How widespread the practice is remains uncertain. The study by researchers at the George Washington School of Public Health presents five case studies of patients who had been denied care or transferred in an unstable condition to Denver Health, a large, urban safety-net hospital.
The researchers conclude not only that such “patient dumping” occurs under the current interpretation and enforcement of the law but that Denver Health is hardly alone.
Lack of enforcement
“Federal and state investigators must do a better job of identifying violators of the law and enforcing the ban on patient dumping,” said GW Professor Sara Rosenbaum, lead author of the study. “If we do not start aggressively enforcing the law, millions of uninsured Americans will continue to get no care at all or incomplete care.”

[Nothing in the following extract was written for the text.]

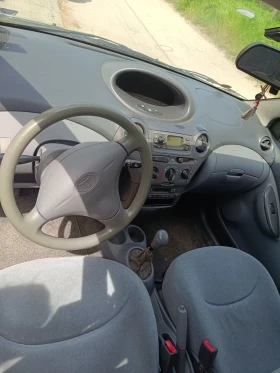 Обява за продажба на Toyota Yaris ~1 800 лв. - изображение 3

The study found that it's not just for-profit hospitals that engage in “patient dumping.” It says non-profit hospitals seem to do it just as much. It's not only a violation of the patient's rights, the researchers say, but it places a huge burden on the hospital-of-last-resort that receives the dumped patients -- usually an under-funded urban facility.
The law in question is the Emergency Medical Treatment and Labor Act (EMTALA), which was passed in 1986. It requires hospitals to provide appropriate medical screening and stabilizing care to uninsured patients with emergency conditions. These conditions include illnesses as well as the result of accidents.
Law has been weakened
The study concluded that court rulings, regulations and other factors have allowed hospitals to skirt the intent of the law. For example, the 2003 regulations say that patients have to arrive at a “dedicated emergency department” and that EMALTA does not apply when a critically ill patient shows up in another department.
In order to stop this practice, the federal government must develop a more effective system for reporting non-compliance with the law, the authors say. They also argue that federal and state regulators must establish clearer standards to make it easier for hospitals to avoid violations.
For uninsured patients, knowing your rights is an important step in making sure you get timely treatment. If a hospital emergency department attempts to turn away an uninsured patient, the patient or loved one should reference the EMALTA and tell those in charge they expect treatment.